= AIM OF THE TASK =
Copy out exactly the lines spanning the line with "Cover image for" to the line with "sucks having a", inclusive, from the data underneath, with no pictures.

= THE RECORDS =
========================
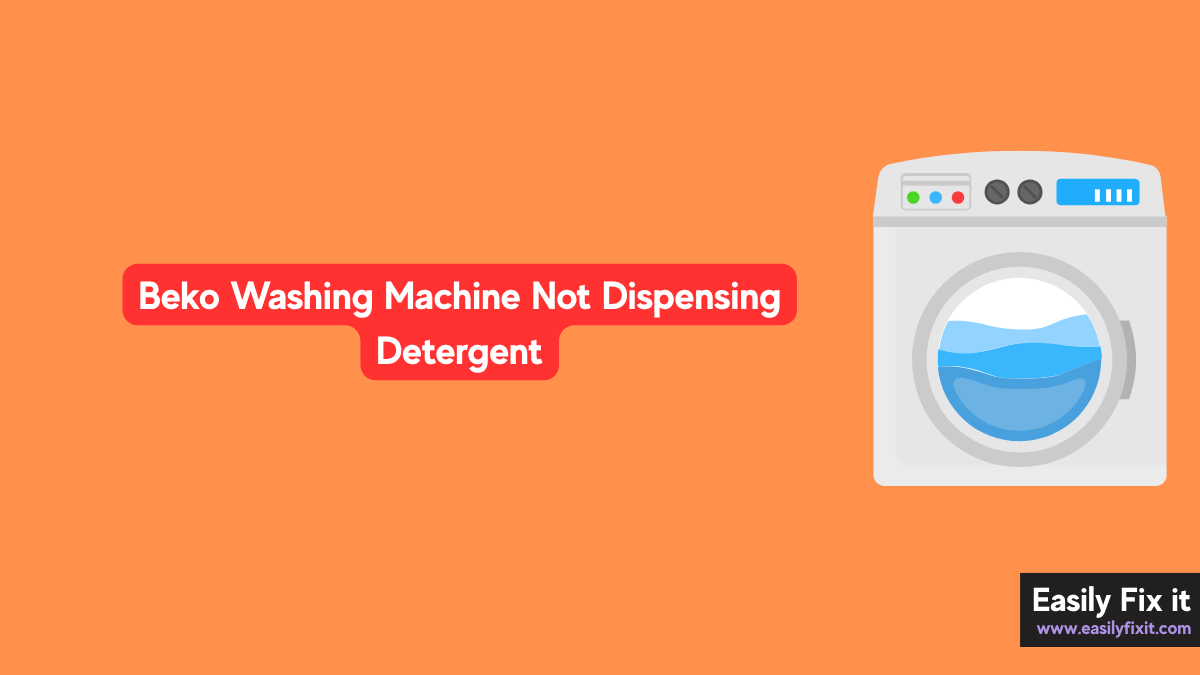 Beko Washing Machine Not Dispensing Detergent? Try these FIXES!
========================
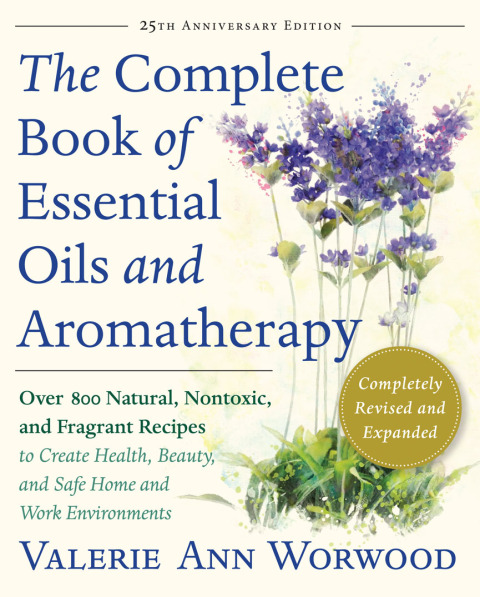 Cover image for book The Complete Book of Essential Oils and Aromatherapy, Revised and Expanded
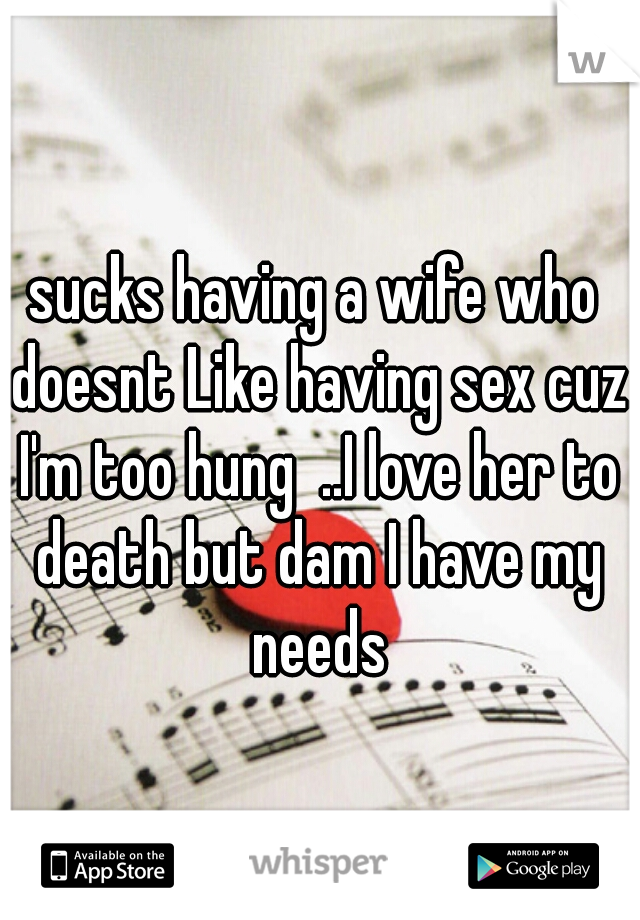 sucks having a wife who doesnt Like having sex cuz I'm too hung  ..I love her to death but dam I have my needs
========================
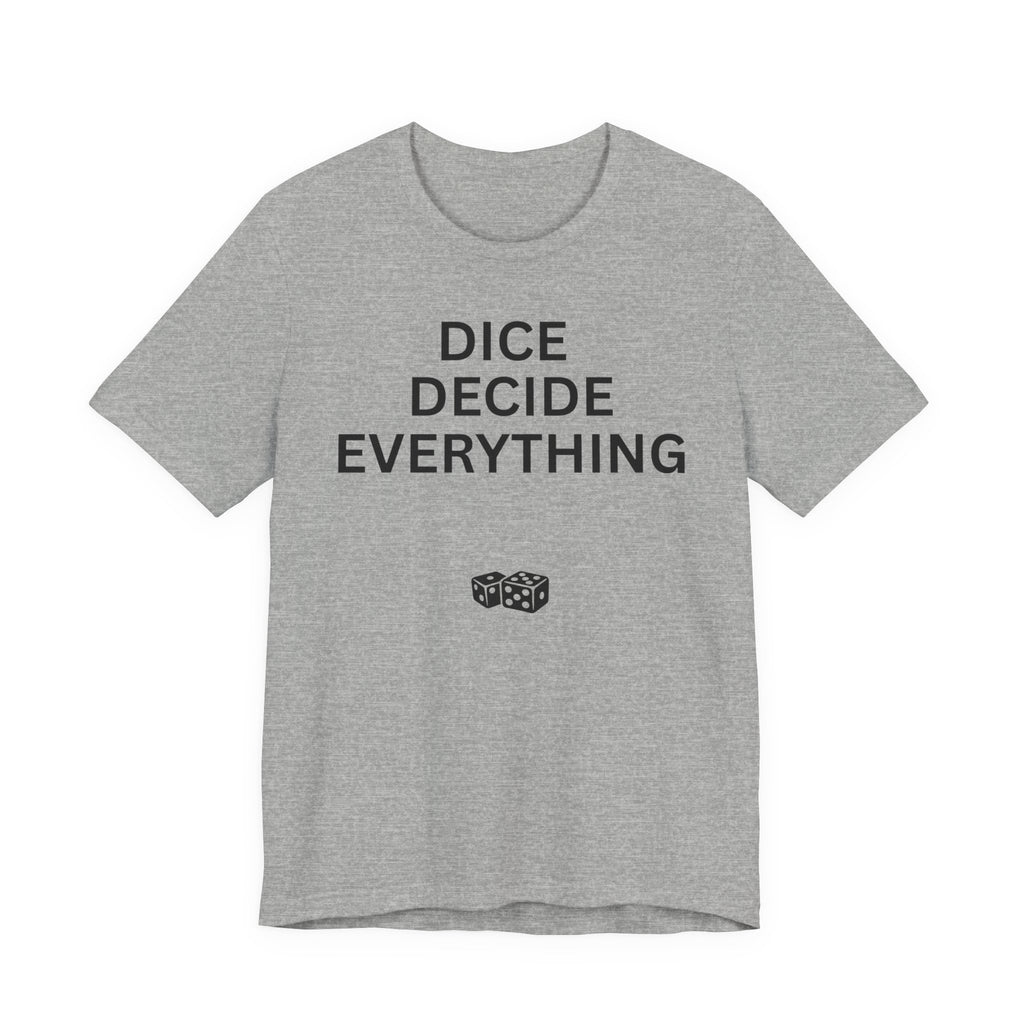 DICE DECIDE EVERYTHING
========================
= ANSWER =
 Cover image for book The Complete Book of Essential Oils and Aromatherapy, Revised and Expanded
 sucks having a wife who doesnt Like having sex cuz I'm too hung  ..I love her to death but dam I have my needs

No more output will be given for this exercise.